The tender’s value has controversially ballooned from R80 million to R300m.
Transnet acting group CEO Michelle Phillips confirmed yesterday that the port and logistics parastatal had launched an independent probe into Silinga. It had also referred allegations of corruption against the executive to the Special Investigating Unit (SIU).
However, Satawu yesterday said Silinga had to be removed from office as he was likely to tamper with investigations.
Transnet CEO Portia Derby retired from the company last year following years of lobbying by pressure groups for her removal from office over “corporate sabotage”, according to the DA. Transnet also dismissed other top executives after the SIU unearthed a scandal under which the price of disposable straws was inflated to R29 each.
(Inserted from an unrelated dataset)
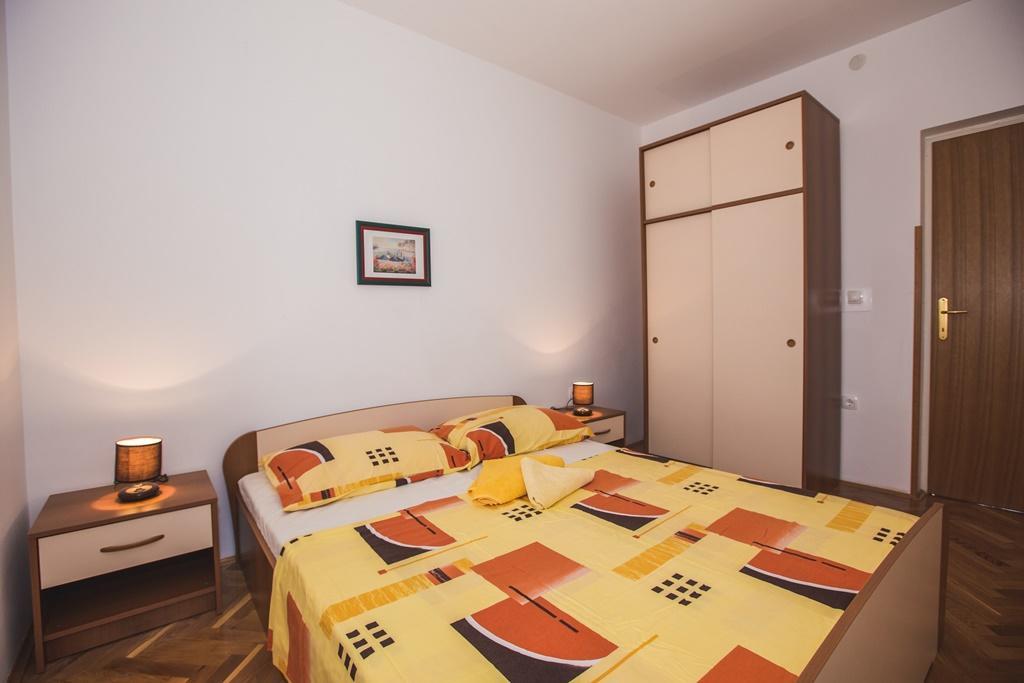 Apartments Renata Banjol Bilik gambar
“Silinga is an employee at Transnet and he must be treated as such. He is facing serious allegations of corruption and he must be suspended and allow the entity to do their own investigations,” Amanda Tshemese, a spokesperson for Satawu, told “Business Report” last night.
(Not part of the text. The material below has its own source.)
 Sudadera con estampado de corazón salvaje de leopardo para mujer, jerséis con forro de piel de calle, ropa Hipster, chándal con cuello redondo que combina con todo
Allegations against Silinga are that the Transnet executive irregularly appointed Coega Development Corporation – a company he had previously worked for – as the implementing partner for a fencing contract at Richards Bay, KwaZulu-Natal, and Saldanha Bay ports. Dust over the contract was raised when the cost for the fencing project at the three ports ballooned from R80m to R300m.
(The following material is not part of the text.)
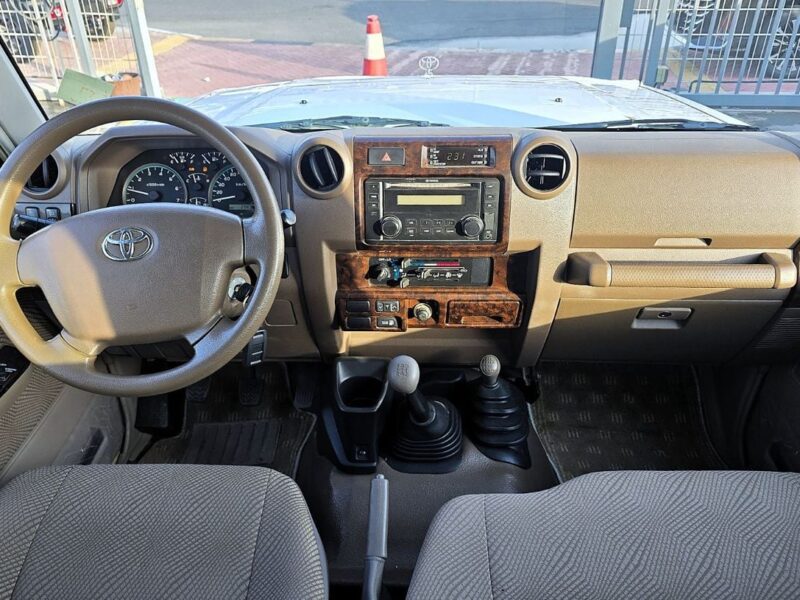 2012 Toyota Land Cruiser PickUp S.C LX 4.0L 6 Cylinders Petrol Engine M/T Beige GCC Specs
“Transnet has consequently appointed an independent law firm to undertake an in-depth investigation in this regard. The matter has also been referred to the SIU, who have acknowledged receipt of the referral, and will be proceeding with the investigation,” Phillips said in a statement yesterday.
Tshemese said Transnet was “collapsing because of people like Silinga”.
This latest Transnet setback comes at a time many South African companies have been grounded because of problems at ports that are delaying deliveries and preventing timely shipping of raw materials and finished products.
Although Transnet was “co-operating fully” with investigation processes under the SIU, anti-corruption watchers and pressure groups have raised concern that investigations into Silinga’s alleged irregular conduct would be affected if he continued to stay in office.
Transnet confirmed receiving, on numerous occasions, a number of allegations against Silinga, although there had been no evidence to substantiate the accusations, the company said.
“He hired his close friends in that office and he is likely to tamper with the evidence,” added Tshemese.
Transnet, however, said, that “should prima facie evidence become available during these investigations”, it would “not hesitate to invoke the relevant processes in line with the company policies, laws of the country, and to take the necessary disciplinary action” against Silinga.
Andile Sangqu, Transnet’s board chairperson, said in October that the parastatal was focused on implementing the Transnet recovery plan aimed at driving up volume growth and enhancing rail and port operations. The plan is also geared at improving the availability and reliability of critical equipment as well as enhancing the quality of assets.
To achieve this, Transnet is focusing on private sector partnerships as conduits to drive growth and operational delivery in its key market segments. Moreover, another key focus area would be on disposal of non-core assets to preserve cash.
Transnet has been haemorrhaging cash, with generated revenue falling from R72.9 billion in 2017 to R68.9bn for the 2022/2023 year. Operating expenses, however, increased from R40.4bn to R45.9bn over the same period, a growth of 2.15%.
Last year, South Africa approved a R47bn bailout under a guarantee facility for Transnet, which says it has a zero tolerance towards corruption. This will likely be tested by how it acts on Silinga.